A necessidade de escalar processos com recursos limitados levou à exploração de ferramentas de inteligência artificial. A Inteligência Artificial tem potencial  para automatizar tarefas como o preenchimento de templates de DMP e o versionamento de ficheiros, embora sejam reconhecidas limitações atuais e salientada a importância de uma integração ética e eficaz.

Em centros de investigação, há práticas informais de armazenamento de dados em servidores partilhados. A intervenção do serviço desde o início do ciclo de vida dos dados pode evitar duplicações e promover o versionamento adequado, facilitando a posterior publicação e reutilização.

Quais os principais benefícios dessas práticas?

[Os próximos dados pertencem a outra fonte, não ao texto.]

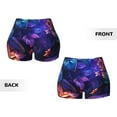 thumbnail image 5 of Haiem Magic Colorful Forest Leaves No Front Seam Biker Shorts for Women Yoga Workout Gym Bike Shorts with Tummy Control Moisture-Wicking-Large, 5 of 9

Um dos principais benefícios identificados é a criação de templates orientadores que facilitam a compreensão e o preenchimento dos Planos de Gestão de Dados (DMP). Estes modelos não se limitam a reproduzir os formatos oficiais dos financiadores, mas são adaptados às práticas institucionais e à linguagem dos investigadores. Esta abordagem reduz o esforço exigido aos investigadores, evita respostas genéricas ou sem significado, promove uma descrição mais rica e útil dos dados e facilita a consulta posterior por colegas e parceiros.

A mediação não se limita ao apoio técnico, mas envolve uma recolha estruturada de informação e uma simplificação pragmática das exigências, tornando o processo mais acessível e eficaz.

Por outro lado, a prática de documentar datasets publicados nos DMP permite reconhecer e promover os contributos específicos de cada investigador. Esta valorização gera motivação e reforça o envolvimento dos investigadores no processo de gestão de dados, tendo até um efeito multiplicador que contribui para aumentar a adesão às práticas de partilha de dados, promover uma cultura de transparência e colaboração e estimular o sentido de pertença dos investigadores.

Em que medida a gestão de dados de investigação contribui para a otimização do processo de investigação?

Os DMP bem estruturados ajudam a clarificar com que dados se está a trabalhar, onde estão armazenados e como podem ser acedidos. Esta organização interna facilita a comunicação entre parceiros de projeto, a reutilização de dados já existentes e a criação de comunidades de prática em torno dos dados.

A partilha de dados não se limita à disponibilização técnica, mas envolve também a partilha de contexto — apresentações, bibliografia, documentação — que enriquece a compreensão e o uso dos datasets. Quando bem comunicadas, estas práticas são valorizadas pelos investigadores e contribuem para a eficiência e qualidade da investigação.

Que vantagens e condicionantes aponta na partilha de dados de investigação?

Apesar das vantagens evidentes da partilha de dados — como a transparência, reutilização e colaboração — existem condicionantes significativas, sobretudo em áreas como a bioengenharia e em projetos com empresas, onde há acordos de confidencialidade e dados sensíveis. Para mitigar essas limitações, podem ser adotadas estratégias como a disponibilização de metadados detalhados, a partilha de amostras representativas dos dados ou a criação de guias para pedidos de acesso, permitindo uma avaliação caso a caso.

Estas práticas procuram equilibrar a proteção da informação com a abertura científica, promovendo uma cultura de partilha responsável.

De que forma os diferentes atores envolvidos no processo de investigação estão comprometidos com a gestão de dados de investigação?

O envolvimento dos diversos atores — investigadores, responsáveis de projeto, serviços de apoio — está cada vez mais consolidado. Embora o desafio da escalabilidade persista, há uma maturidade crescente na forma como a gestão de dados é integrada nos projetos.

A mediação eficaz, a formação contínua e o reconhecimento dos contributos individuais são fatores que reforçam esse compromisso. O serviço atua como facilitador, promovendo práticas que são valorizadas tanto internamente como por parceiros e avaliadores externos.